During Wednesday's meeting, Senate Judiciary Committee Chairman Jeff Brandes argued the proposed consolidation plans do not align with Inch's vision. He also worried the plan does nothing to help with an ongoing underlying issue at the Department of Corrections: staffing shortages.
Since the start of the pandemic a year ago, Florida's prison population has significantly declined to roughly 79,000 inmates, and prison admissions have dropped by 50%, Perry said. The inmate population is expected to tick up once the state's court system resumes trials and starts to address a mounting backlog of cases.
Senate Criminal Justice Committee Chairman Jason Pizzo has worried a consolidated prison system could be overwhelmed by a sudden influx of inmates.

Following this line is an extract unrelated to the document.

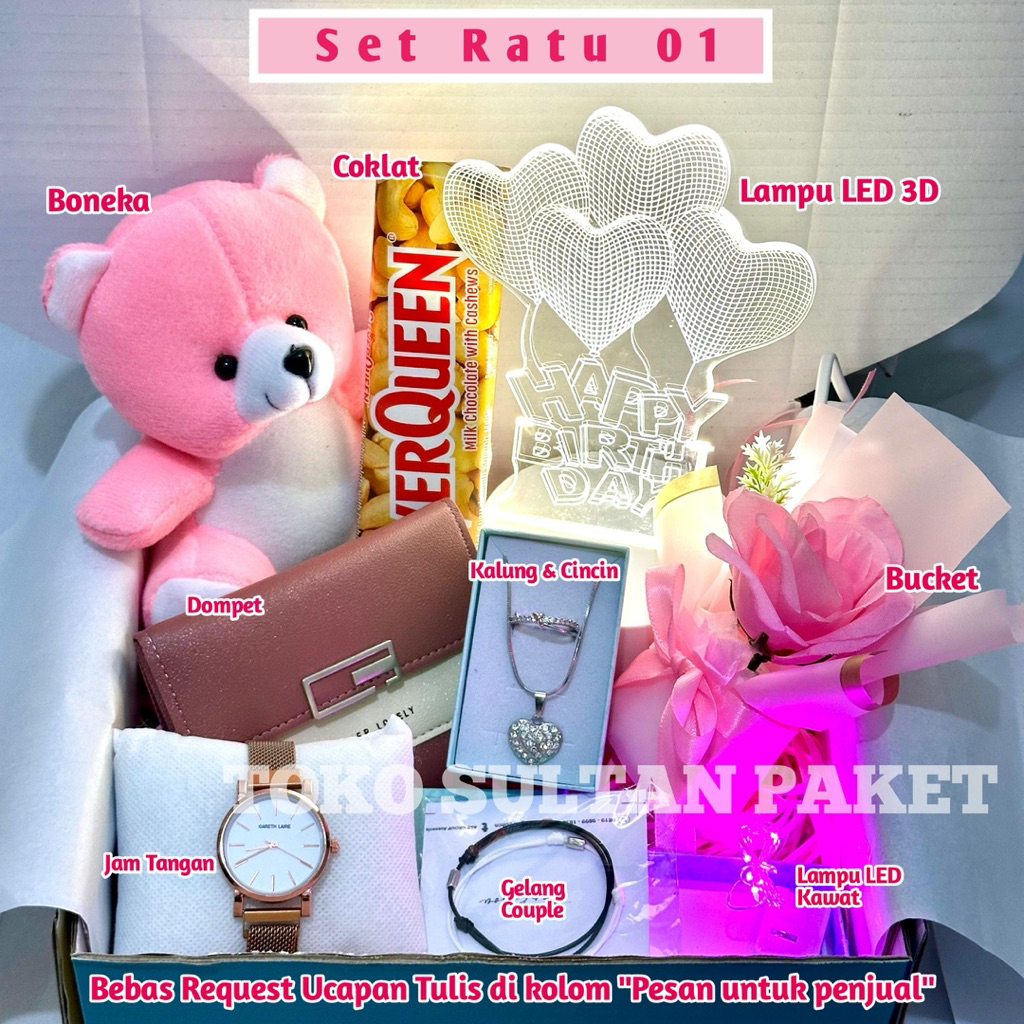 Hampers Ratu Hadiah Wanita Lengkap – Kado Ulang Tahun Anniversary Wedding Graduation Romantis Mewah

"How are we walking into a massive class-action lawsuit?" Pizzo said last week. "How is this not gross negligence?"
During Wednesday's meeting, Perry addressed those concerns again.

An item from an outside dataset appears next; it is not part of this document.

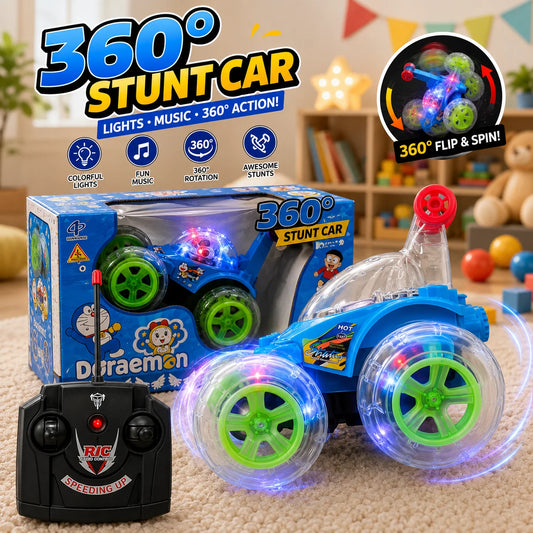 360° RC Stunt Car With LED Lights & Music For Kids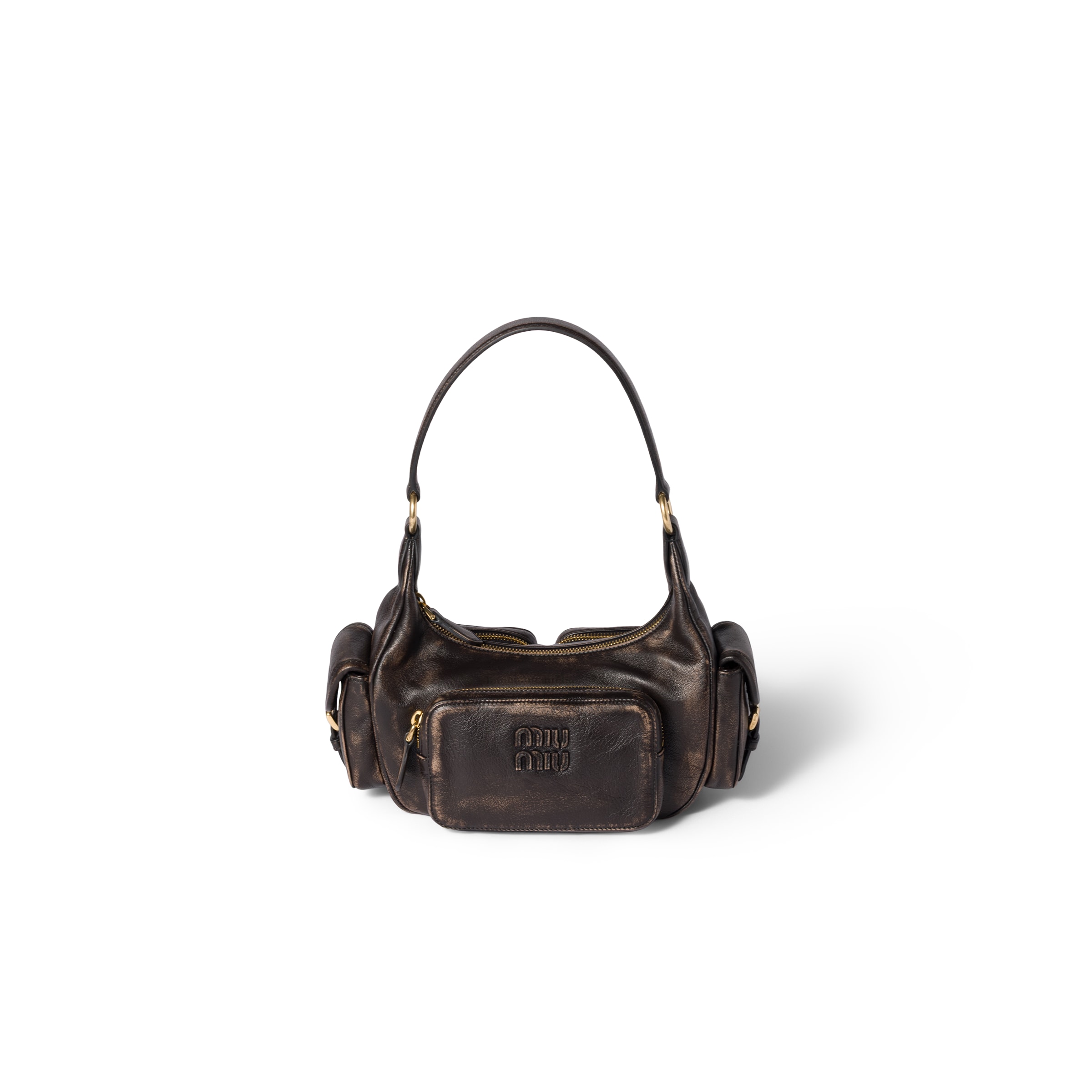 Miu Miu Womens Caffe Pocket Leather Top Handle Bag In Brown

"I do not believe these reductions will leave the criminal justice system unprepared when jury trials resume," he said. "We don't know how quickly this will occur and what level of resources will be needed to keep up with this demand."

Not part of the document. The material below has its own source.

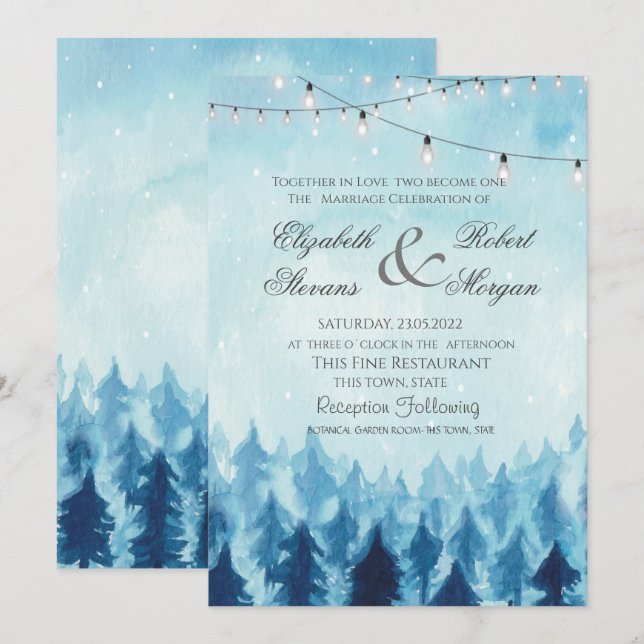 Invitación Woodland, Forest,Pine Trees Boda Azul (Anverso / Reverso)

Brandes pressed Perry on staffing issues on Wednesday. He pointed out that about 40 correctional facilities in Florida are at"emergency or critical staffing levels" and that the state spends roughly $90 million in overtime every year as a result of years-long problems with retaining and recruiting correctional workers.
"We know that we need to increase correctional officers' salaries, are there correctional officer salaries in this budget?" Brandes asked Perry during the meeting.
The Senate budget proposal does not include any salary increases, Perry said, but he said the chamber is "working on that" and making sure the Senate aligns on that issue with the House.
Brandes tried to amend the Senate budget to include $30 million, which he said would have provided $2,000 in bonuses to an estimated 8,000 correctional workers. The amendment failed, mainly because it included language — unrelated to salary increases — that Senate Appropriations Committee Chairwoman Kelli Stargel took "great offense" to.
So, what's on the table?
Both the Senate and the House budget proposals include language that mulls a consolidation plan for the state's prison system.
The House proposal, however, is not as strict and sweeping as the Senate plan.
While the Senate requires a plan that could result in the demolition of at least four prisons, the House is giving corrections officials the option to submit a plan that would look at the closure of two state-run prisons.
The House plan also would allow the department to submit budget requests for salary increases, and would ask the department to include in its plan how cost savings from prison closures could lead to raises for correctional officers.
"I don't know how far this goes — I think it's worth pursuing," Puckett said. "If it becomes a threat to the public or the correctional officers and the inmates, you know I think everybody would say, 'OK, that's not something we can go along with.' "
Puckett, however, says pay raises and stabilizing staffing levels are the number one priorities for the union.
"If this [the consolidation plan] helps stabilize staffing, this is a much better approach to stabilizing the staffing" than converting prisons to shorter shifts, an initiative pushed by Inch to address overtime.
Inch has pushed to switch from 12-hour to 8.5-hour shifts at 17 prisons, despite objections from the union. The disputes have spilled into court battles, and Inch has asked the Legislature to continue funding that initiative.